TASK OBJECTIVE
From the entries below, transcribe exactly the lines between the line holding "JUNGLE MYSTERY PUZZLE" and the line holding "Transporting EXCAVATOR in", inclusive; skip all other lines.

STUDY MATERIAL
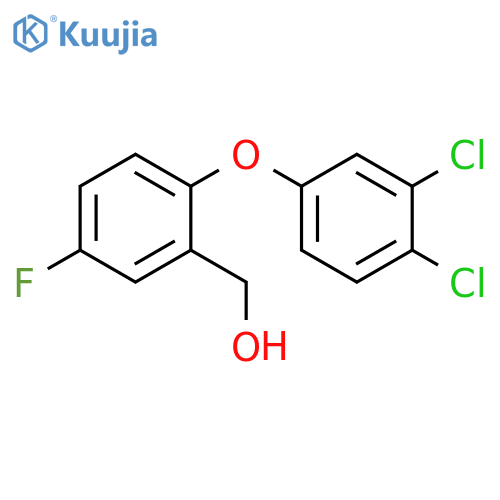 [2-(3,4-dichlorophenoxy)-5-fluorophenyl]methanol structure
...
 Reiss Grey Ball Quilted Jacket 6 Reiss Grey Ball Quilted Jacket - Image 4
--
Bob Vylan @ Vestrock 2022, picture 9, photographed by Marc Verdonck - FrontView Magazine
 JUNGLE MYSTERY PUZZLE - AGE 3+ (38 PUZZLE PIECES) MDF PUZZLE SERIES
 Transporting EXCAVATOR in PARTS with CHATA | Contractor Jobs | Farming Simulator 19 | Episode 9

RESULT OF THE TASK
 JUNGLE MYSTERY PUZZLE - AGE 3+ (38 PUZZLE PIECES) MDF PUZZLE SERIES
 Transporting EXCAVATOR in PARTS with CHATA | Contractor Jobs | Farming Simulator 19 | Episode 9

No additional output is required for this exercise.